Side-lying, where both you and your baby lie on your sides facing each other, is another option that works well for nighttime feeds or when you’re recovering from birth and need to rest.
How Often to Feed
Newborns breastfeed 8 to 12 times in 24 hours, roughly every one to three hours. These frequent sessions aren’t a sign that something is wrong or that you aren’t producing enough. They’re how your baby builds your supply and meets their caloric needs given a stomach that can only hold small amounts at a time.
Feed on demand rather than on a schedule. That means watching your baby, not the clock. Over the first few weeks and months, the intervals between feeds gradually stretch to every two to four hours as your baby’s stomach grows and your supply stabilizes.
Recognizing Hunger Cues
Crying is a late hunger signal, and a crying baby is harder to latch. You’ll have a much easier time if you catch the earlier signs:
- Early cues: Sucking on hands or fingers, rooting (turning the head with an open mouth), increased alertness, fidgeting or squirming.
- Active cues: Opening and closing the mouth repeatedly, smacking or licking lips, moving the head frantically side to side, fussing or whining.
- Late cues: Full crying. If your baby reaches this point, calm them first with skin-to-skin contact or gentle rocking before attempting to latch.
Tracking Whether Your Baby Is Getting Enough
You can’t measure how much milk your baby takes from the breast the way you can with a bottle, so diaper output becomes your best daily indicator. In the first five days, the minimum number of wet diapers should roughly match the baby’s age in days: one wet diaper on day one, two on day two, three on day three, and so on. After day five, expect at least six wet diapers per day.
Stool changes tell their own story. Day one stools are black, thick, and sticky (meconium). By days two through four, they shift to a greenish-yellow and become less thick. After day five, you’re looking for mustard-yellow, seedy, loose stools.
Some weight loss is normal and expected. Breastfed newborns commonly lose 5 to 8 percent of their birth weight in the first few days. Nearly 5 percent of vaginally delivered babies and more than 10 percent of those born by cesarean lose 10 percent or more by 48 hours. Weight loss beyond 10 percent warrants close monitoring. Most pediatricians will want to see your baby within two to three days of hospital discharge to check weight recovery, and babies typically regain their birth weight by 10 to 14 days.
Pain in the First Week
Some nipple tenderness in the first week is common. For most women, this soreness reduces to mild levels by 7 to 10 days after birth regardless of what treatment they use. The discomfort comes from the mechanical stretching of nipple skin that hasn’t yet adapted to repeated suckling.
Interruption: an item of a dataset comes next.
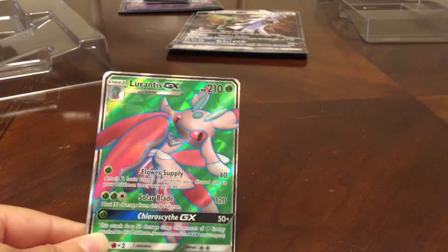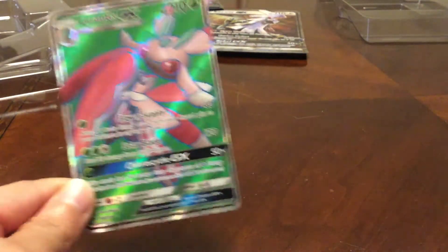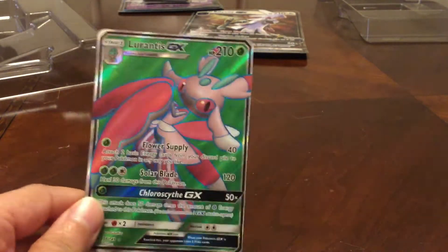We got a Full Art Lurantis GX — that is awesome! Look at that! Wow! I can't believe we got some good first pack magic!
Pain that is sharp, persists throughout the entire feeding, or worsens over the first week is not normal tenderness. It usually points to a shallow latch. Over half of women who experience nipple pain develop visible damage: cracks, blisters, bruises, or open wounds. These injuries increase the risk of breast inflammation and mastitis. If you notice cracked or bleeding nipples, redness, or swelling, the priority is fixing the latch. A lactation consultant can observe a feeding in real time and spot positioning or latch issues that are hard to self-diagnose.
Burning, stabbing, or radiating pain between feedings, sometimes with a shiny pink appearance to the nipple, was historically attributed to yeast infections. Current evidence suggests these symptoms are more consistent with inflammation caused by excessive mechanical strain during feeding. Correcting the latch and reducing the force on nipple tissue typically resolves them.